Studio album by Princess Princess
- Released: December 7, 1991
- Recorded: 1991
- Genres: J-pop; rock;
- Length: 44:56
- Language: Japanese
- Label: Sony Records
- Producer: Princess Princess

Princess Princess chronology
| Princess Princess (1990) | Dolls in Action (1991) | Singles 1987–1992 (1992) |

Singles from Dolls in Action
- "Seven Years After" Released: October 25, 1991; "Jungle Princess" Released: February 5, 1992;

= Dolls in Action =

Dolls in Action (ドールズ・イン・アクション, Dōruzu in Akushon) is the sixth studio album by the Japanese girl band Princess Princess, released on December 7, 1991, by Sony Records. It includes the singles "Seven Years After" and "Jungle Princess". "Joker to 100-ri no Mōja" features lead guitarist Kanako Nakayama on vocals.

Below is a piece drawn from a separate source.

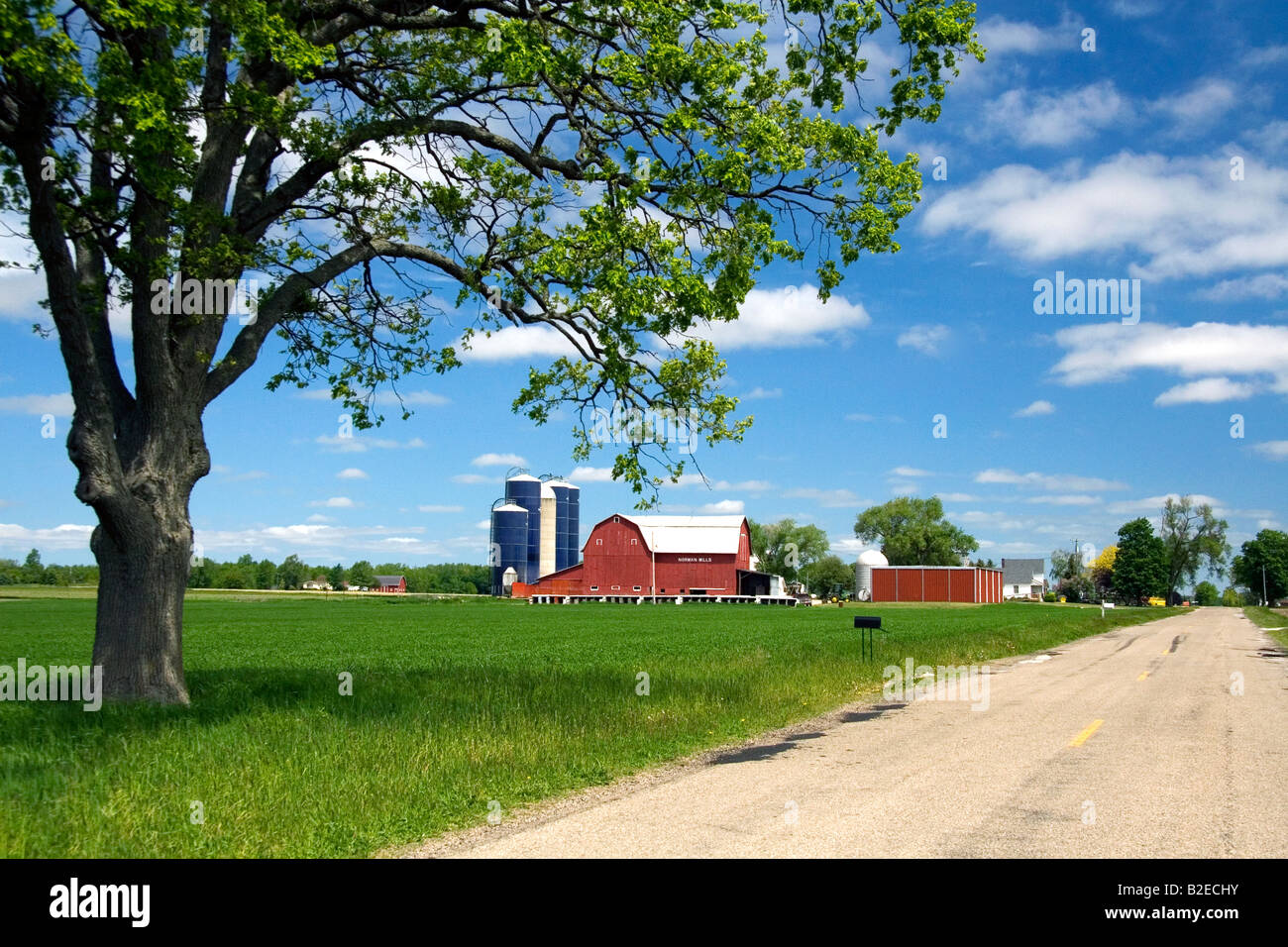 Agriturismo circondato da verde Grano immaturo a St Louis Michigan Foto Stock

The album stayed No. 1 on Oricon's albums chart for three consecutive weeks, making it the band's third of five consecutive No. 1 albums. It was also certified as Double Platinum by the RIAJ.

== Track listing ==

| No. | Title | Lyrics | Music | Length |
|---|---|---|---|---|
| 1. | "Dear" | Kyōko Tomita |  | 2:25 |
| 2. | "Namae no Nai Machi" ((名前のない町; "The Nameless Town")) | Kanako Nakayama |  | 4:40 |
| 3. | "Jungle Princess" (Janguru Purinsesu (ジャングルプリンセス)) | Tomoko Konno | Nakayama | 5:07 |
| 4. | "Sora Yori Umi Yori (Puri-Puri Samba '91" ((空より海より（プリプリサンバ'91）; "From the Sky to the Sea (Puri-Puri Samba '91)")) | Tomita |  | 3:19 |
| 5. | "Sabaku no Taiyō" ((砂漠の太陽; "Desert Sun")) | Okui |  | 3:13 |
| 6. | "Joker to 100-ri no Mōja" (Jōkā to Hyakuri no Mōja (ジョーカーと100人の亡者; "Joker and 100 Dead")) | Nakayama | Nakayama; Okui; | 3:31 |
| 7. | "Seven Years After" | Tomita |  | 4:45 |
| 8. | "Summer Madness" | Atsuko Watanabe | Okui; Watanabe; | 5:44 |
| 9. | "Come Back" | Tomoko Konno | Konno | 4:15 |
| 10. | "Romance" (Romansu (ロマンス)) | Nakayama |  | 4:50 |
| 11. | "I Love You" | Nakayama |  | 3:07 |
| Total length: |  |  |  | 44:56 |

==Charts==

| Chart (1991) | Peak position |
|---|---|
| Japanese Albums (Oricon) | 1 |

== Certification ==

| Region | Certification | Certified units/sales |
| Japan (RIAJ) | 2× Platinum | 800,000^{^} |
^{^} Shipments figures based on certification alone.